My technical work placement at Bilstein & Siekermann® in July and August 2017
by Luisa, Year 13, Daun Grammar School
On Monday morning, my work placement started with a short briefing and a tour of the company by Ms Ubl, Head of HR. Then I spent the day sitting next to Janine, a toolmaking apprentice. Tools for the various machines and production lines are manufactured in the toolmaking department. This department is also responsible for repairing faulty tools. Our task on this day was to make another shovel based on a model of a shovel. This involved flexing, welding and the precise measurement of the model. I was also allowed to watch a CNC mill machine making new parts. This machine is now so advanced that it can be programmed by hand so that it can run automatically and very precisely.
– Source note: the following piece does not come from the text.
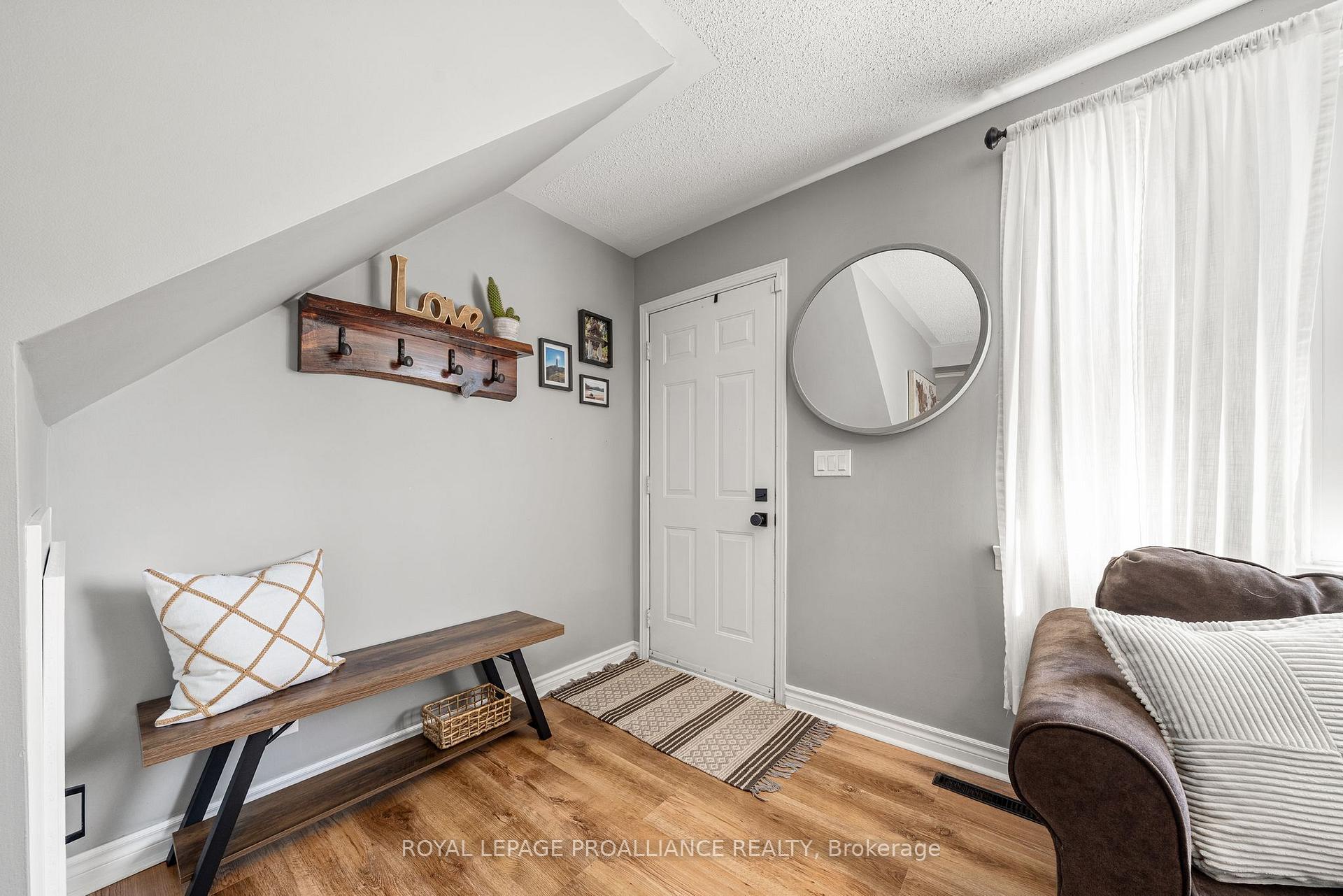 Photo 7 of 108 Karl Street, Belleville, Belleville Ward — HOMEH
I spent Tuesday in the machine department. There various turned parts are made from metal rods that are loaded into the machines. Parts are made on single-spindle or multi-spindle turning machines. In the morning, I was allowed to help retool one of these machines to make other turned parts. Because the machines are so complex, it took almost the entire morning. When this kind of work is carried out on the machines, there is usually already a completely configured tooling trolley available with all the parts that need to be replaced. This saves time.
The dimensions of the manufactured turned parts are documented at regular intervals in an SPC station to ensure that the manufacturing process is monitored.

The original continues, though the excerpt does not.